The Nationals were down on Giolito after he unexpectedly struggled with his command last season, but seeing as he closed it out with a 2.17 ERA, 1.10 WHIP and 9.6 strikeouts per nine innings (to 2.4 walks) in seven starts, I’m thinking they overreacted. You have last year’s top pitching prospect for cheap, so you might as well ride it out.

Giolito’s walk rate was nothing compared to Glasnow’s 5.2 per nine innings, but that’s par for the course for him. He still has unhittable stuff, so if pitching coach Ray Searage can tame him, as he has so many other wild stallions, watch out.

Taillon is a more complete pitcher than Giolito or Glasnow at this stage, but he isn’t as strikeout-oriented. He compares more to Nola and may have similar breakout in store, so you’re obviously not letting him go after a strong rookie season.

The high turnover rate and general elasticity of the closer role makes it not so great for mining for keepers, but when one comes up throwing 102 and leading stalwarts like Aroldis Chapman and Kenley Jansen in strikeouts per nine innings, it’s worth getting in on the ground floor.
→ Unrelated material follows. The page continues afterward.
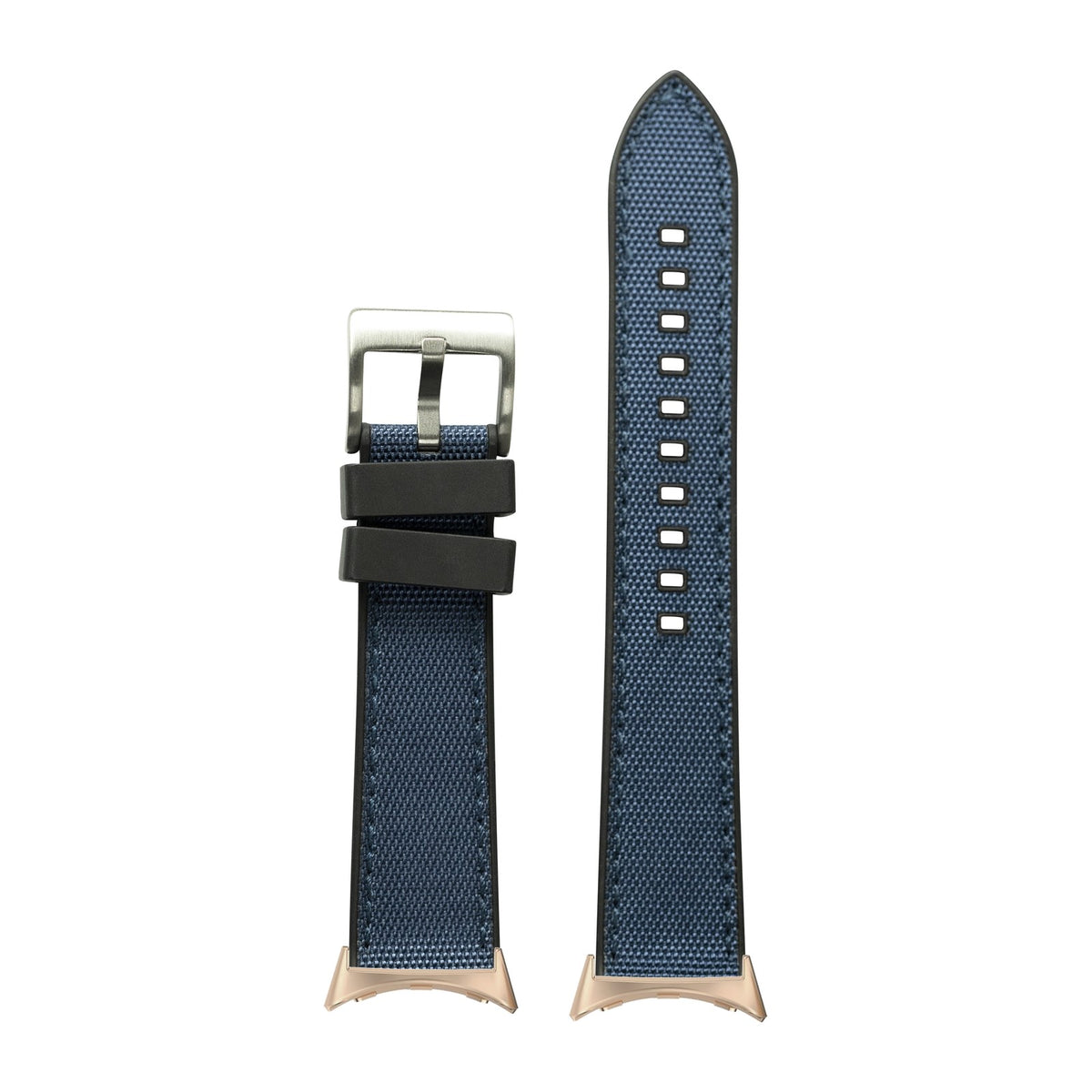 Sailcloth & FKM Rubber Hybrid Navy Blue Rose Gold with Google Pixel Spring Bar Adapters - Wear Any 20mm Strap! for Pixel Watch 1-5 41mm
Snell showed electric stuff as a rookie, but he didn’t laugh at his control issues quite the way Alex Reyes did. Still, with his similar pedigree and keeper cost, the gap between Nos. 28 and 47 is narrower than it looks.

Sometimes high-ceiling players are worth locking in at what could be a discount even if it’s not immediate. The year Russell breaks through with early-round numbers, as his pedigree suggests he could, you’ll be too late.
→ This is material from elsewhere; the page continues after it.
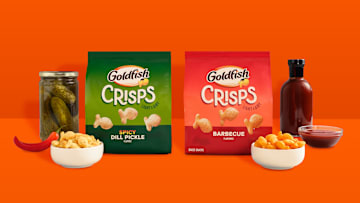 Goldfish Crisps add two new flavors, Spicy Dill Pickle and Barbecue
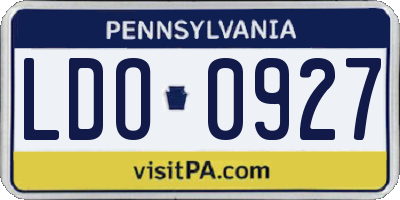 PA license plate LDO0927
With a 2.75 ERA, 0.96 WHIP and 10.8 strikeouts per nine innings last season, Herrera has the look of a stud closer for an organization known for generating him. His ascension wasn’t expected heading into the offseason, but if you did have the foresight to roster him, you know have him for cheap, cheap, cheap.

This might seem kind of low for the reigning AL Rookie of the Year, but the way Fulmer’s strikeout rate suffered over the course of the season, dropping to 6.6 per nine innings in the second half, makes me wonder if he tops out as a mid-tier pitcher and not the ace Giolito and Glasnow could become.

Had to squeeze Mazara in here because a top prospect who comes in with minimal fanfare, keeping the price low, and hits 20 homers as a 21-year-old is too promising not to retain in this format even if some of his peripherals make him a liability for the time being.